Harsh rasps, belching forth blackened ichor (amongst other things), greet me upon the beginning of Galgaldr. It expands, cold winds disturbing the once silent wind chimes, as well as something older and far more powerful from blackened murk. Bellowing horns and the wail of disembodied voices ululate above the returning raps, pulsating drums only serving to increase the ritual to near feverish levels. I can see it all, the hooded congregation shrouded in incense laced smoke, emanating from open lit braziers. Norupo is a more straightforward and traditional number, (somewhat) lighter in tone and provides contrast to its predecessors darkness. The atmosphere is no less thick, however, densely layered female voices flowing with ethereal grace above the throaty throng. The next phase is soon ushered in, the drip drop of icy water providing a rudimentary beat. The voices soon coalesce and Othan thrusts me into its desolate cold, sprawling and dense, constantly moving under its own icy weight. Such is the level of evocation that Heilung are capable of summoning, I’m immediately transported across vast swathes of frozen tundra, the harsher voices reinforcing my experiencing of the untameable wild. The chiming of bells and pulsating of chirping grunts thaw me of Othan’s wintery grip, with the summery vibes of Traust stirring life from it’s hibernating cycle.
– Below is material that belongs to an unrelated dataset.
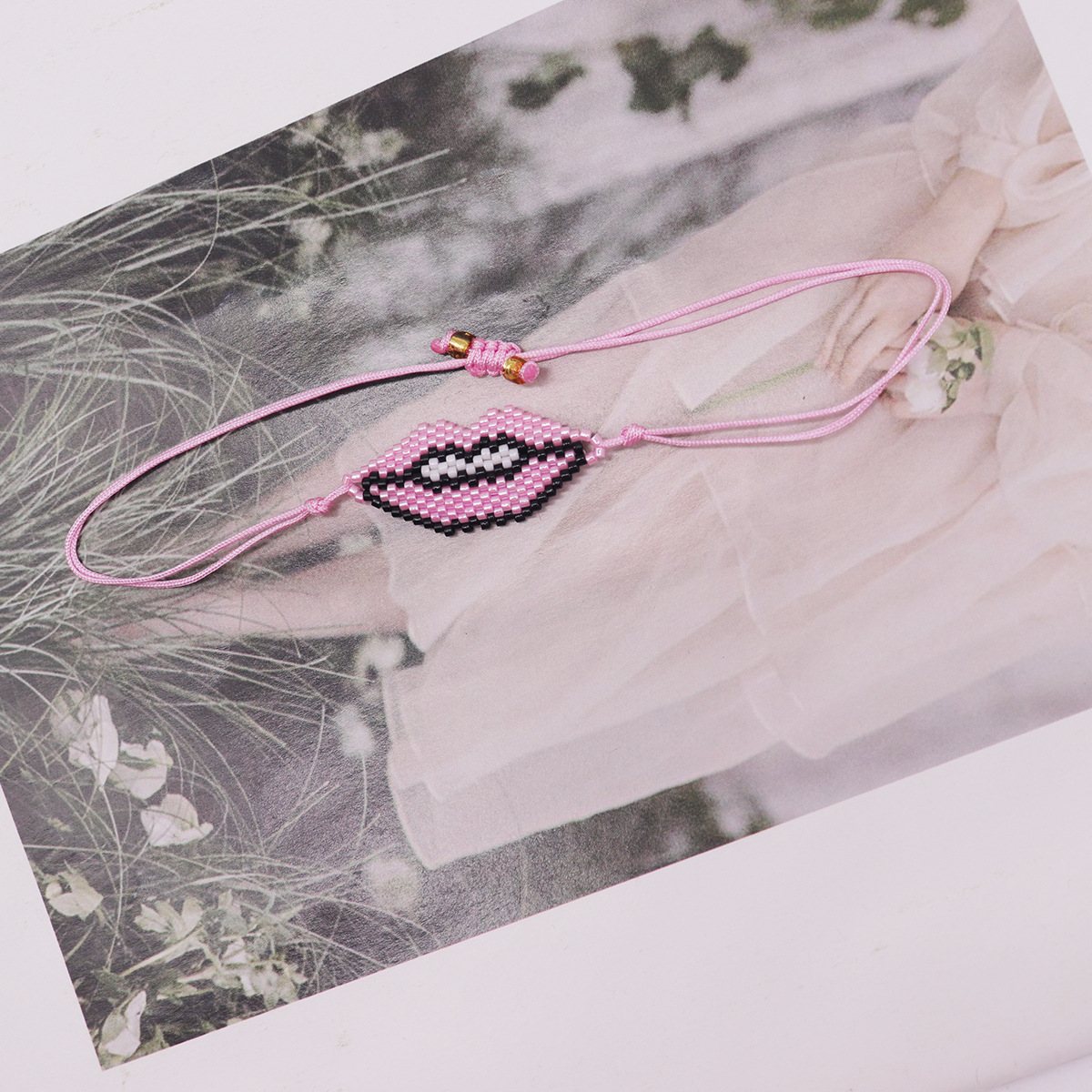 Ig Style Elegant Lips Glass Handmade Women's Bracelets display picture 5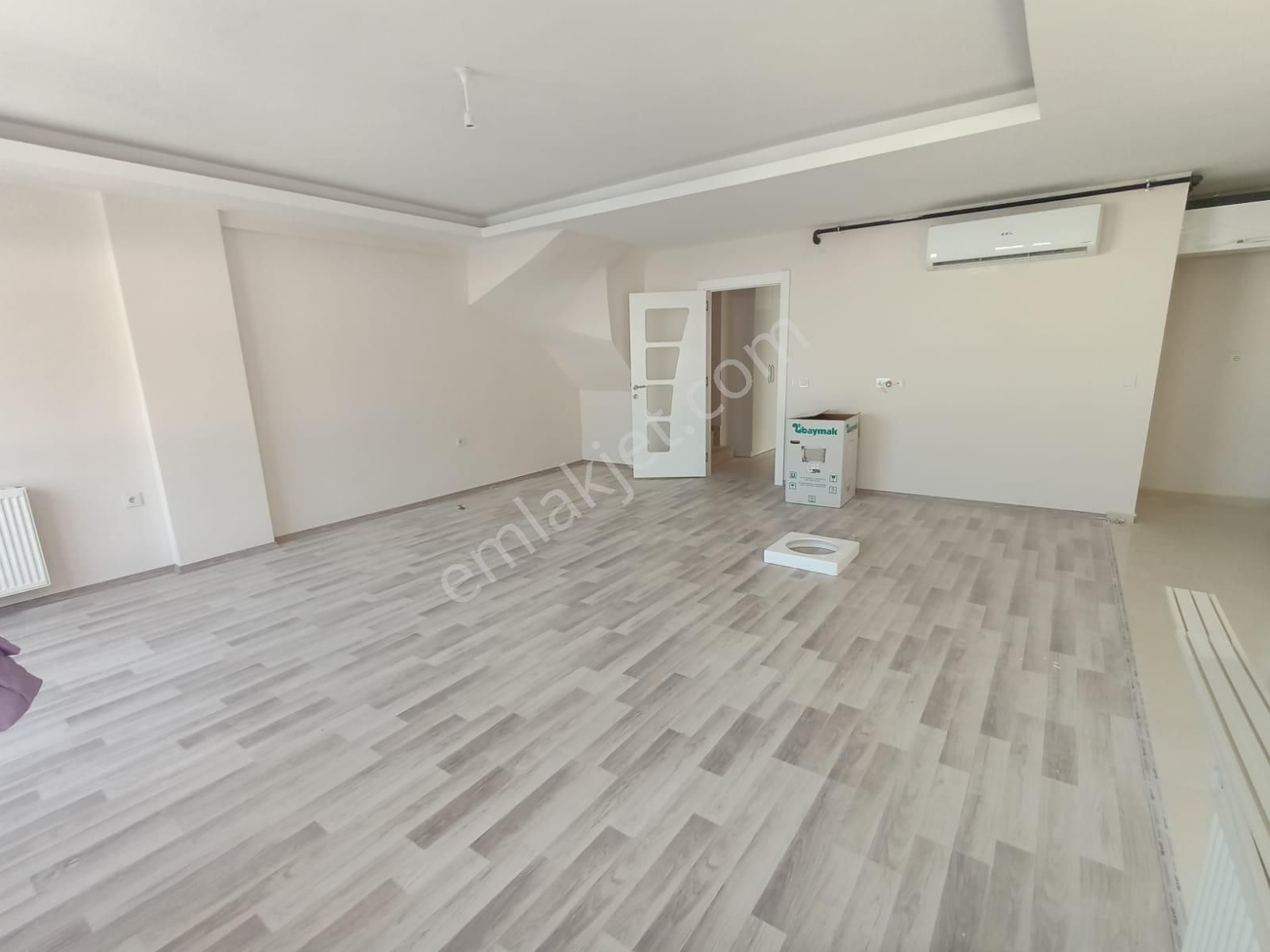 Sarısuda Havuzlu Site İçerisinde Doğalgazlı Amerikan Mutfak 4+1 Dubleks Kiralık Daire - Görsel 6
I have no clue what Heiling are saying though, but I have no doubt that pure poetry is being spun, easing and comforting me throughout this spiritual journey. Vapnatak, a soundscape of sorts, unleashes the rain from the heavens and the volley of arrows, men crying out as their threads are cut short. Verses are spoken over eerie synths, before the war bellow of Svanrand answers in kind. The occasional sailing of a stray arrow aids the steady beat, feminine chants melding with masculine grunts, layers steadily amassing atop each other. Elivagar begins with a whisper, slowly morphing into a growl and all things unpleasant in between. It’s as if the speaker were slowly abandoning his humanity, casting his former self away as he embraces whatever energies he’s invoking. It climaxes in a cacophony of voices, all in thrall to the Elivagar . It turns out that the Elivagar were a series of rivers that existed in Ginnungagap (meaning gaping abyss), the norse equivalent of the primordial void. It also ties into the origin of Ymir, the first giant (which is pretty neat). Elddansurin is heavily percussive, every hit driving the repetitious guttural phrases onward, occasionally punctuated by an agonised scream.

It suddenly abates, clean melodies supplanting the bestial elements, ascending into a lush crescendo vocal harmonies. Hamrer Hippyer brings the journey to a close, letting loose every power at Heilung’s disposal across a fanatical 14 minutes of pure primal power. Throats are shorn, skins are struck, verses are sung and Heilung have all but exhausted every inch of my person. And yet…my soul and mind feel enhanced. Refreshed even, long after Futha fades to silence. Back to reality then….*sigh*. Futha” may not be a metal album, contain blast beats or any mention of goats (save for the ones who’ve been made into drums). But make no mistake, it’s momentous atmosphere is as visceral and engaging, if not more so than any traditional metal album can muster. The unprecedented attention to detail, throughout each individual movement and entrancing mood, is simply staggering. The result is something that is more than just music; a listening experience, that transcend mind, body and soul. I’d go on but that would detract form the time in which YOU should be buying, listening and loving every inch of Heilung’s Futha as I did. Hails. 9/10

Auger: From Now On I (DarkTunes Music) [Scott]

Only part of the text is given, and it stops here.